2. The Committee also notes that under the Labour Code, wages may be determined by individual contracts or by collective agreements, but that their rates may not be lower than the minimum statutory rate. The Committee requests the Government to indicate how and under which provisions the application is ensured of the principle of equal remuneration for men and women workers for work of equal value, in accordance with the Convention, in view of the fact that the new Labour Code (unlike the Code that was previously in force) contains no formal provision to this effect.

3. The Committee also notes that sections 40 and 41 of the new Labour Code contain a definition of the term "remuneration" but that the second subsection of section 40 excludes from this definition certain benefits and allowances arising out of the worker's employment and paid directly or indirectly by the employer (such as family allowances, seniority allowances, travel expenses, etc.). The Committee refers in this connection to Article 1(a) of the Convention, and to paragraphs 14 to 17 of its 1986 General Survey on Equal Remuneration, and requests the Government to indicate whether these benefits are provided under the same conditions to men and women who perform work of equal value, in accordance with this Article of the Convention.

4. The Government states in its report that it was not necessary to take special measures to facilitate the application in practice of the principle set out in the Convention since discrimination does not exist in the country between men and women as regards their remuneration. The Committee notes this statement. It wishes, however, to point out that the principle of the payment of remuneration to men and women on the basis of the value of their work necessarily implies the adoption of a technique for an objective appraisal and comparison of the relative value of the work performed and that, moreover, this technique is essential for determining whether jobs of a different nature nevertheless have the same value for the purposes of remuneration, in accordance with the principle set out in the Convention (please refer in this connection to paragraphs 138 to 150 of the 1986 General Survey).
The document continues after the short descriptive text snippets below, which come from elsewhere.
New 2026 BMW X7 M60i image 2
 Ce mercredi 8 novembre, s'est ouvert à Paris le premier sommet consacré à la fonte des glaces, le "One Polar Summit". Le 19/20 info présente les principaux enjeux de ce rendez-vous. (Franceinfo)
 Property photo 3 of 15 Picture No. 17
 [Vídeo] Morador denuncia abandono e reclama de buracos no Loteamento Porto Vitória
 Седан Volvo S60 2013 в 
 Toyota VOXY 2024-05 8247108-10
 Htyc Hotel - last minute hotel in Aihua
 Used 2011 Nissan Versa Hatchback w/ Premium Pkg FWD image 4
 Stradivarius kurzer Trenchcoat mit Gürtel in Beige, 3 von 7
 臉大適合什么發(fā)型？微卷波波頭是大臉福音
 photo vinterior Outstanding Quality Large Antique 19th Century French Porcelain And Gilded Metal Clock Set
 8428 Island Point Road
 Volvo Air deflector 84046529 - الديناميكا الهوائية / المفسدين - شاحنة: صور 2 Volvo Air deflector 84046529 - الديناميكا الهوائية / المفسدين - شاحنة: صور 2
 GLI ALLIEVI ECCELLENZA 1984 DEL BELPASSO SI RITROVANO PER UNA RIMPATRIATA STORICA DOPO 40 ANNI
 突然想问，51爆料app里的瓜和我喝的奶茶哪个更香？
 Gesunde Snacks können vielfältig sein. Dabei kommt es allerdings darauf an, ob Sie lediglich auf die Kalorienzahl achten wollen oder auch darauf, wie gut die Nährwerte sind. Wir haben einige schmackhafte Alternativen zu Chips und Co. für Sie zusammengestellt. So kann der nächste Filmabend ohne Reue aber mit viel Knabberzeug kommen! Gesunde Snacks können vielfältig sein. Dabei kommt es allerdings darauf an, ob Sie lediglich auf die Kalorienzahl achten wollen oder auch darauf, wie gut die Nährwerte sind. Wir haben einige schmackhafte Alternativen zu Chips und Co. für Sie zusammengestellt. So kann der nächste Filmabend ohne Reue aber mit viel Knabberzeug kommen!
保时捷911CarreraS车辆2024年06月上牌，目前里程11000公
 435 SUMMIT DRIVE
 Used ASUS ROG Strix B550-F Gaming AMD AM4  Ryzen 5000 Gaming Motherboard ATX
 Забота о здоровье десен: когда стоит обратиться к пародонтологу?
The Committee would therefore be grateful if the Government would indicate the methods and criteria on which wages in excess of the statutory minimum are determined and, in particular, wages that are established by individual contracts or collective agreements. Please also supply copies of some of the most recent agreements and, in particular, those applicable in sectors employing a significant proportion of women.

5. As regards the public sector, the Committee notes Act No. 18647 of 1987 readjusting remuneration in this sector and requests the Government to indicate the methods and criteria used as a basis for establishing remuneration, and to state how, in law and in practice, the principle of equal remuneration for work of equal value is applied to employees in the public administration, the national Congress and the judicial authorities, as well as to employees in state enterprises and institutions who are not covered by the Labour Code.

6. The Committee also requests the Government to supply information on how co-operation is ensured, in practice, with employers' and workers' organisations in order to give effect to the provisions of the Convention (Article 4).